What the task asks:
Please copy, word for word, the line holding "2022 VOLVO VNL64T760 2022" and each line that follows it through the end of the entries, omitting any pictures.

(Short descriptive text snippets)
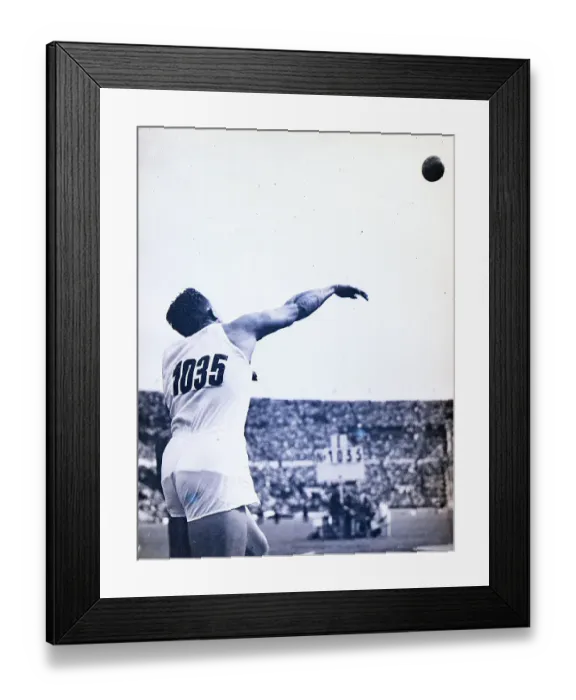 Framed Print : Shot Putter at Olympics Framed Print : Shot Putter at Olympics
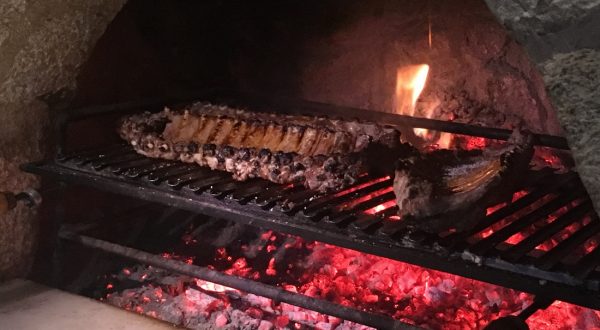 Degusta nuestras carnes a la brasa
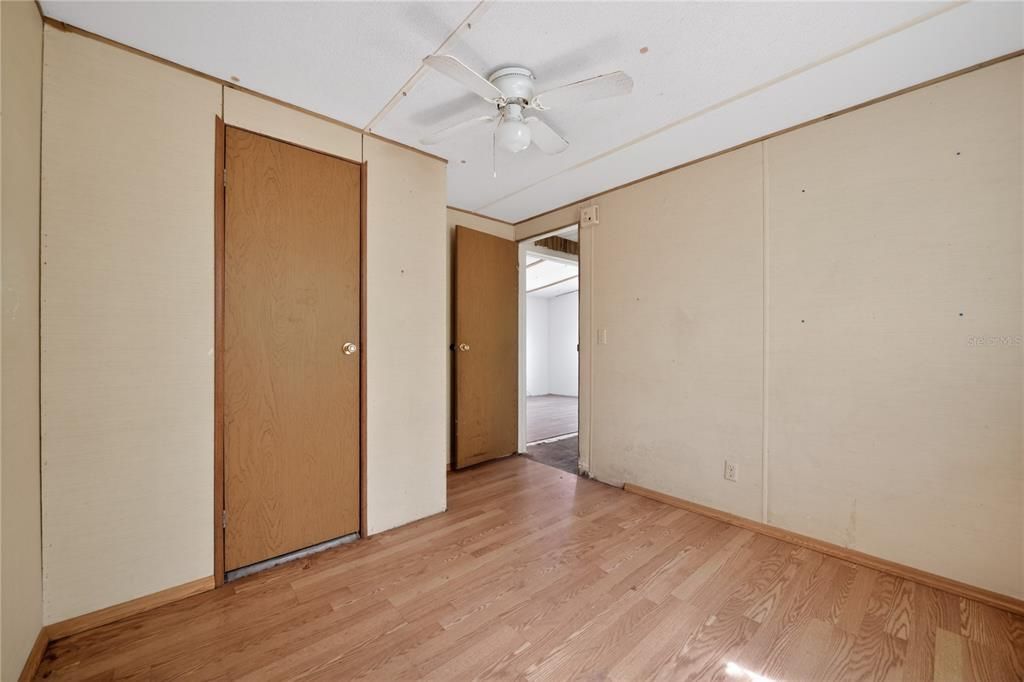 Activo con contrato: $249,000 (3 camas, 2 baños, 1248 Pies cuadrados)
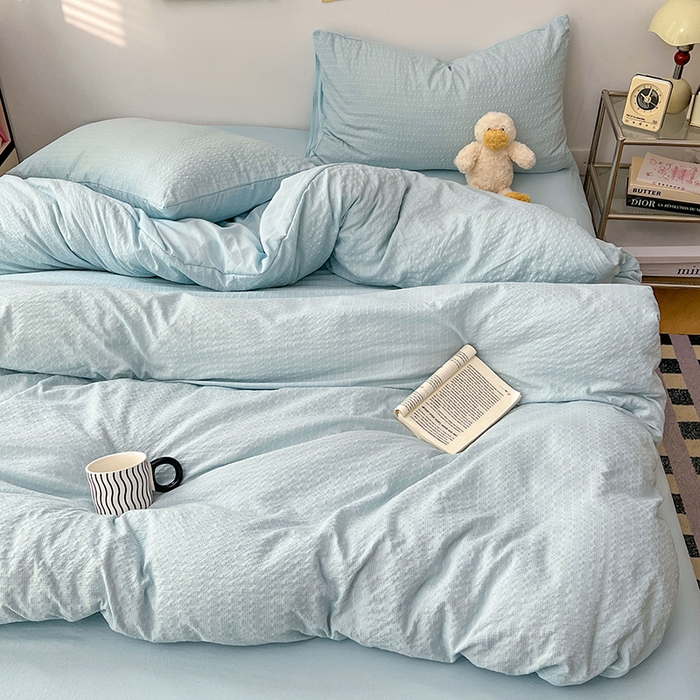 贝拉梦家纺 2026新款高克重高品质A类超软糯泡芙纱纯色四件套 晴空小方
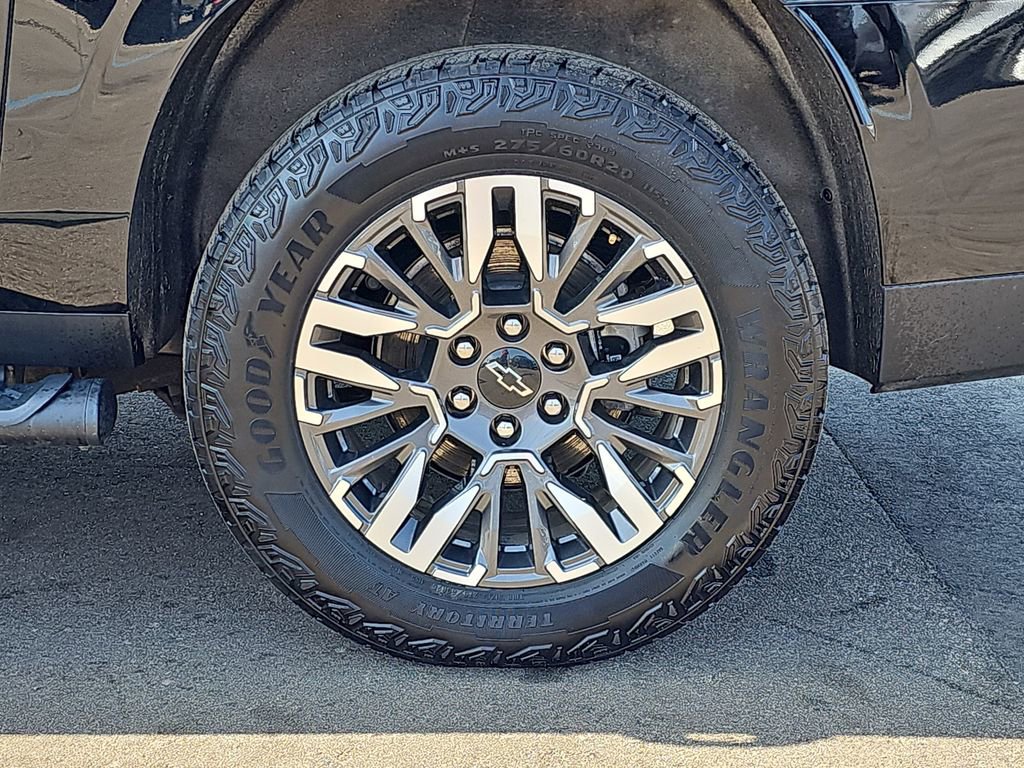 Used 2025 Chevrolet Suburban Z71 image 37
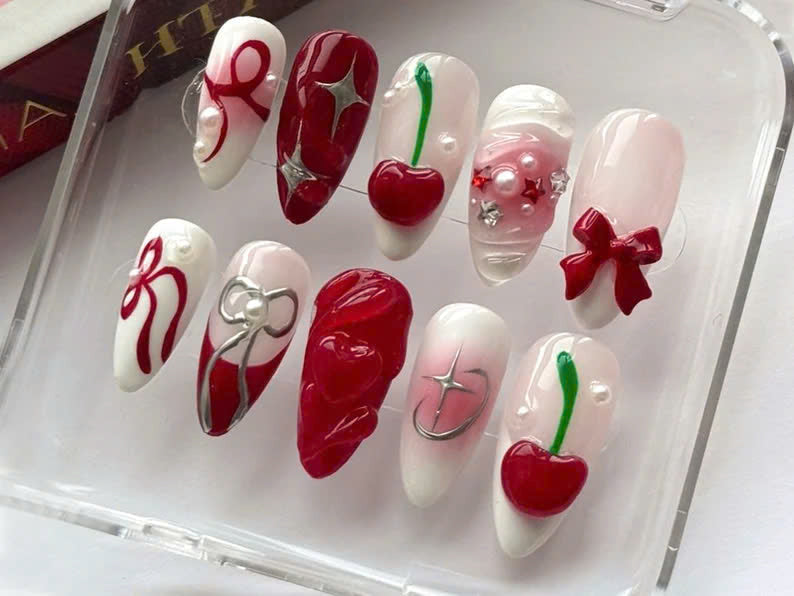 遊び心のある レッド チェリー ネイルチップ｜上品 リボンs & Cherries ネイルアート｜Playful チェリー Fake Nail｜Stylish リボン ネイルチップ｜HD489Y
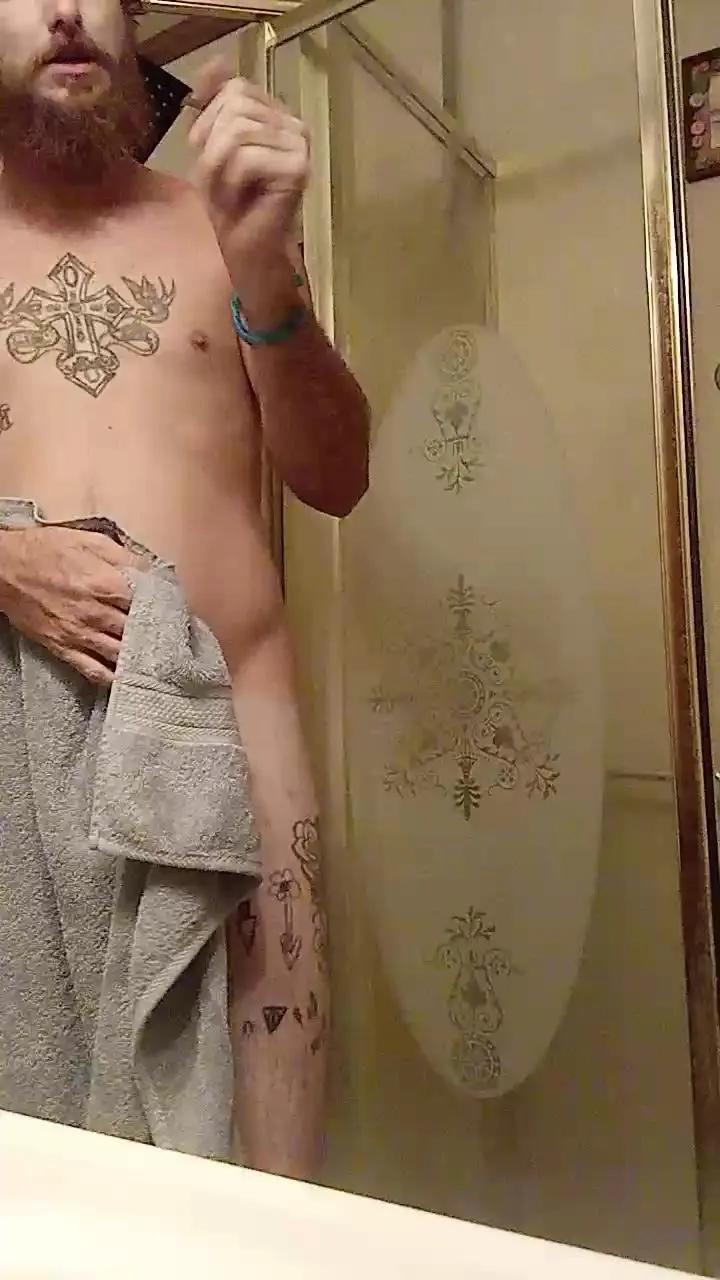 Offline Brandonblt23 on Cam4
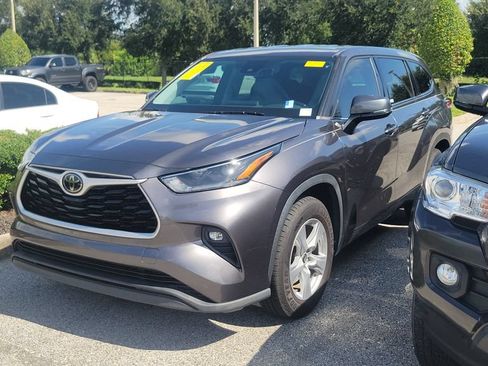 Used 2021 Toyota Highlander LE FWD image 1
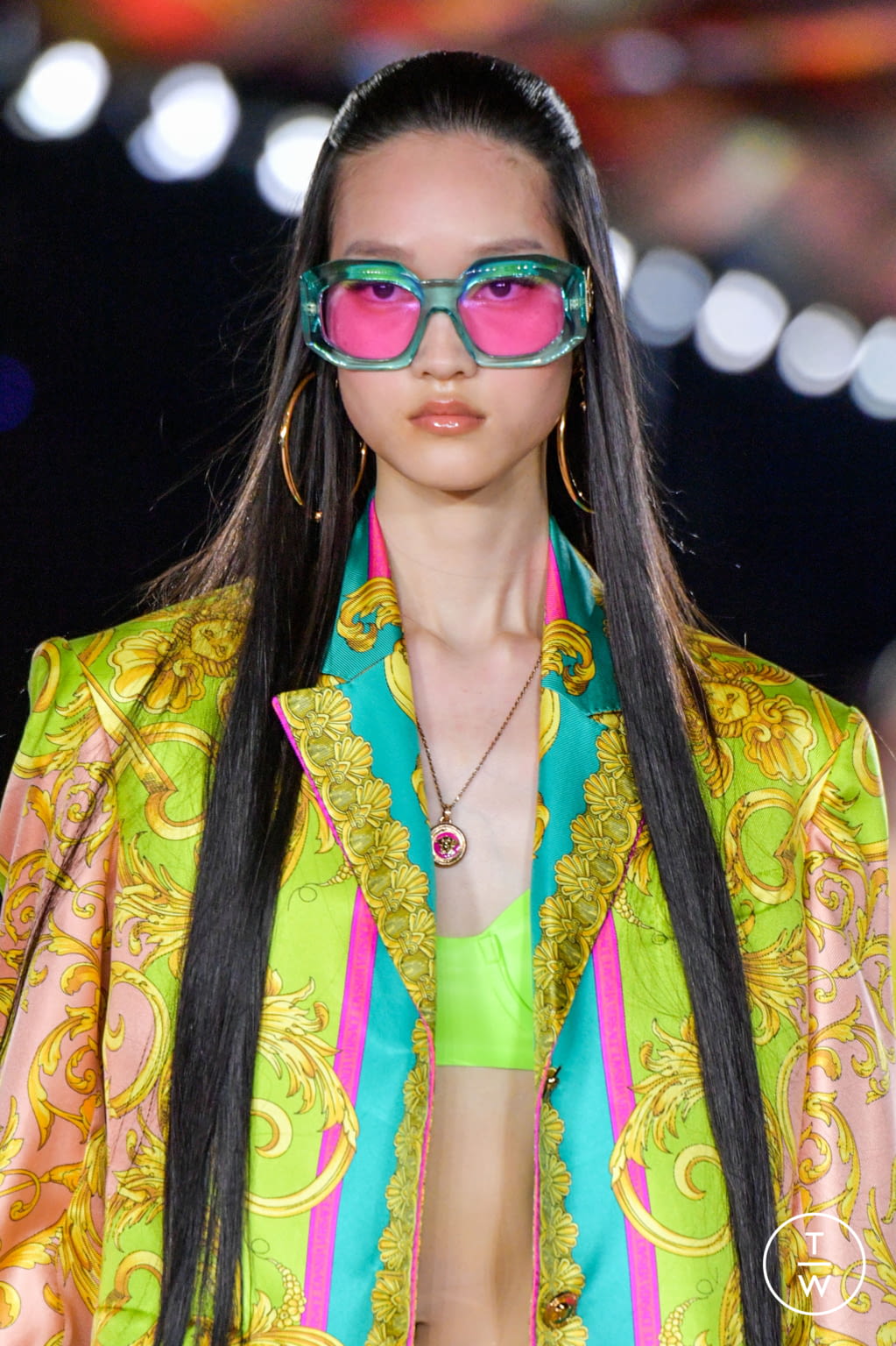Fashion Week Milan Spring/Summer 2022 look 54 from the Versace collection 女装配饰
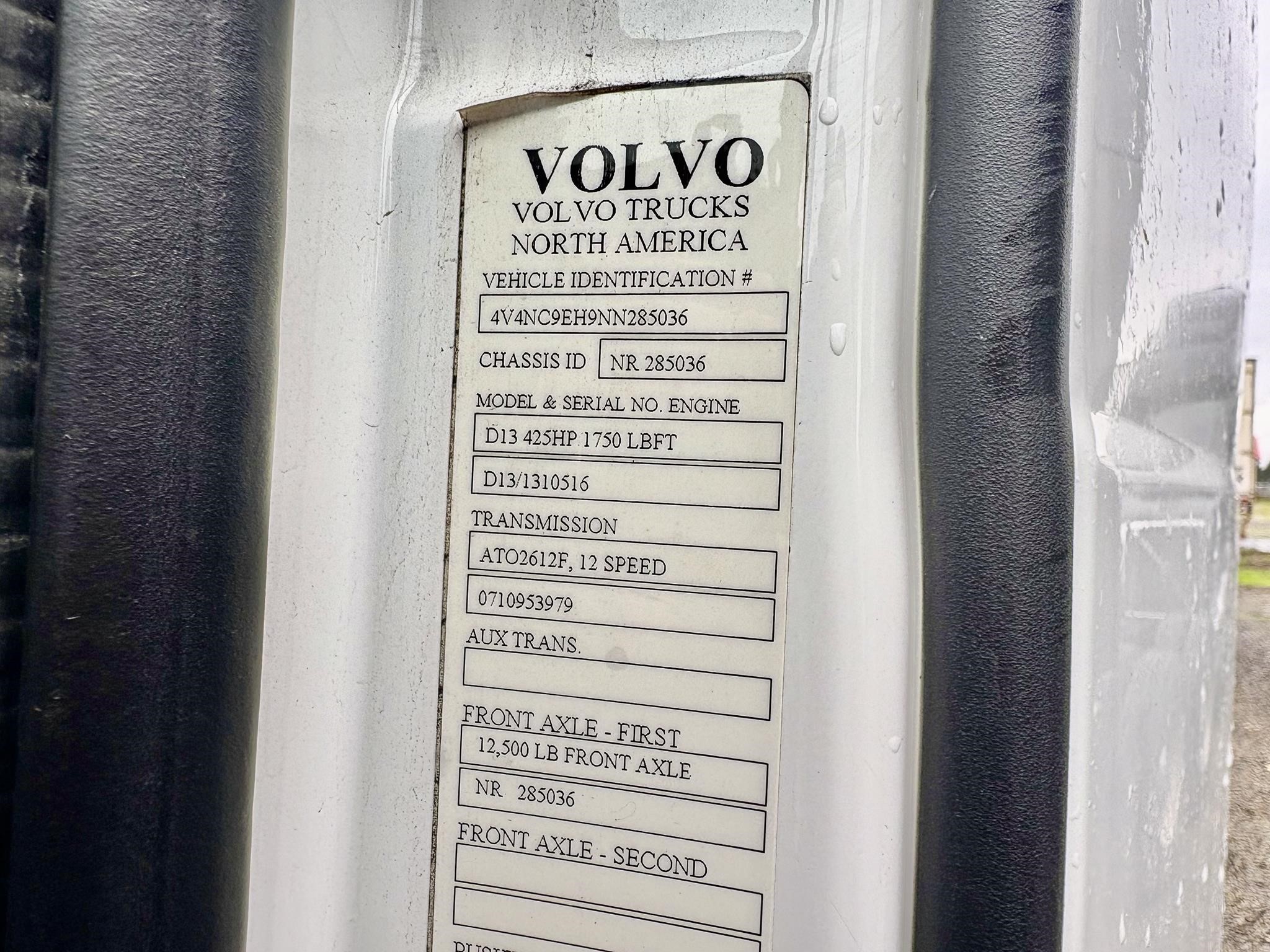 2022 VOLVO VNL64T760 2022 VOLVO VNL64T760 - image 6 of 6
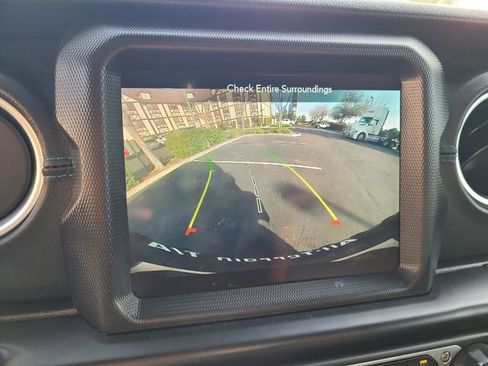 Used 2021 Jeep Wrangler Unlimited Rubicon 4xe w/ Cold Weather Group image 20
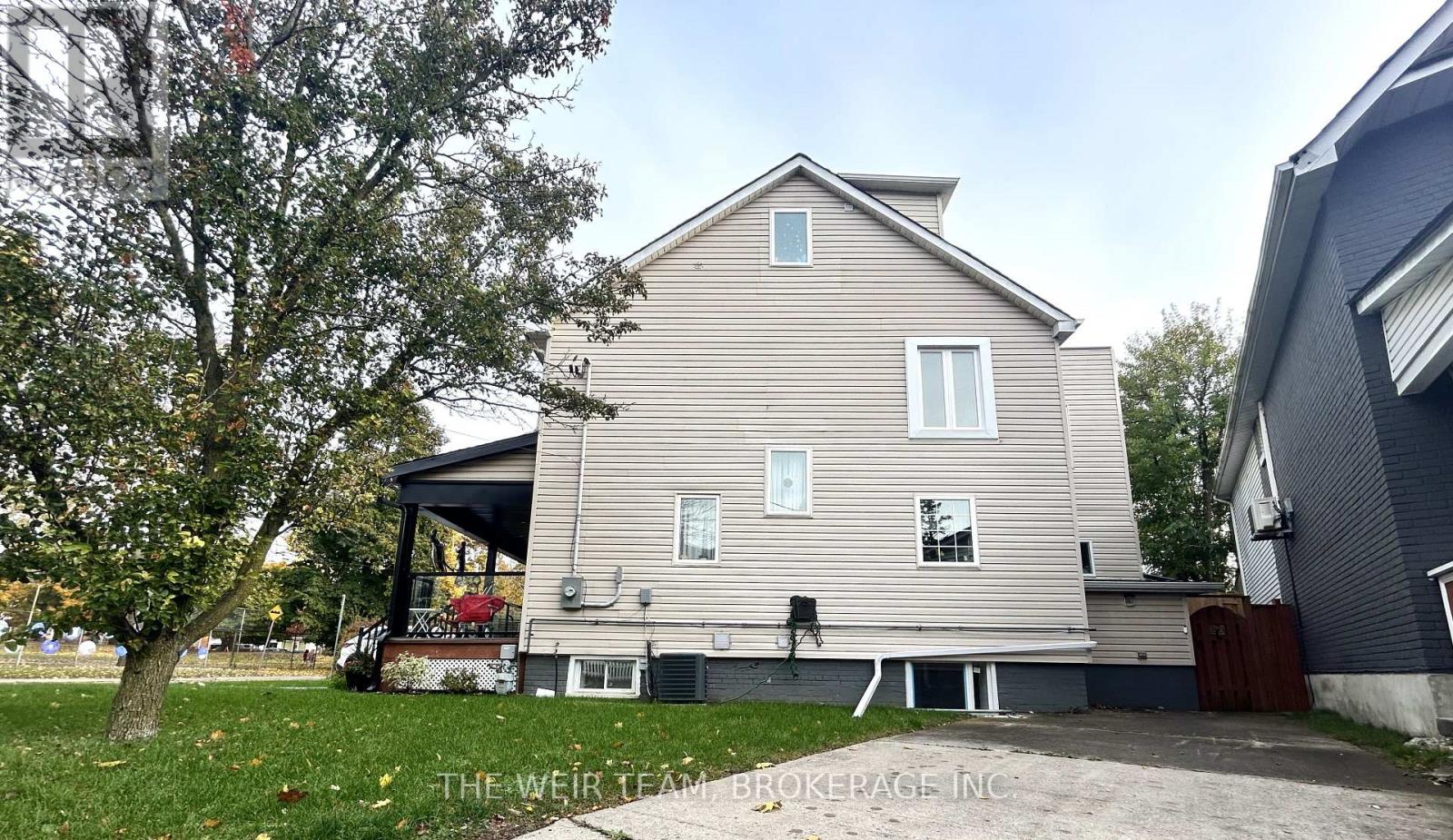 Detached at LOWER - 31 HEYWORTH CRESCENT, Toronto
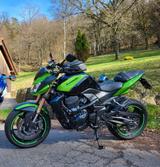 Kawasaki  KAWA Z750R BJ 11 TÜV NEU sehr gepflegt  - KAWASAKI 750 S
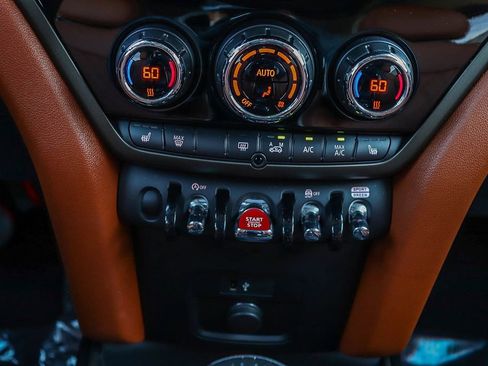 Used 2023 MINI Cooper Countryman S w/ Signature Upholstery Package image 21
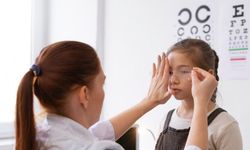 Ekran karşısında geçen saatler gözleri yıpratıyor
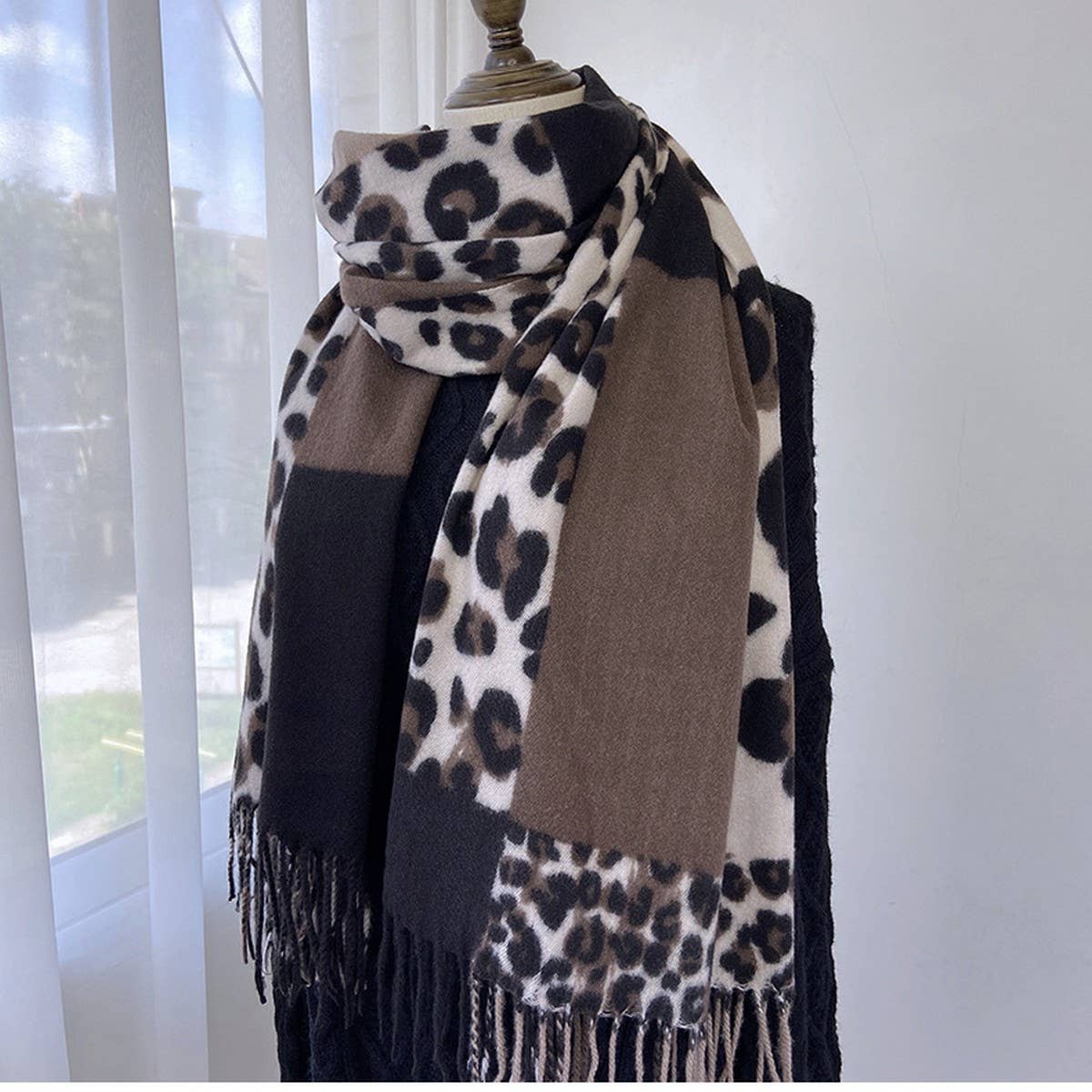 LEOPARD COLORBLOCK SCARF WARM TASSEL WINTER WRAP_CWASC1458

Answer to the exercise:
 2022 VOLVO VNL64T760 2022 VOLVO VNL64T760 - image 6 of 6
 Used 2021 Jeep Wrangler Unlimited Rubicon 4xe w/ Cold Weather Group image 20
 Detached at LOWER - 31 HEYWORTH CRESCENT, Toronto
 Kawasaki  KAWA Z750R BJ 11 TÜV NEU sehr gepflegt  - KAWASAKI 750 S
 Used 2023 MINI Cooper Countryman S w/ Signature Upholstery Package image 21
 Ekran karşısında geçen saatler gözleri yıpratıyor
 LEOPARD COLORBLOCK SCARF WARM TASSEL WINTER WRAP_CWASC1458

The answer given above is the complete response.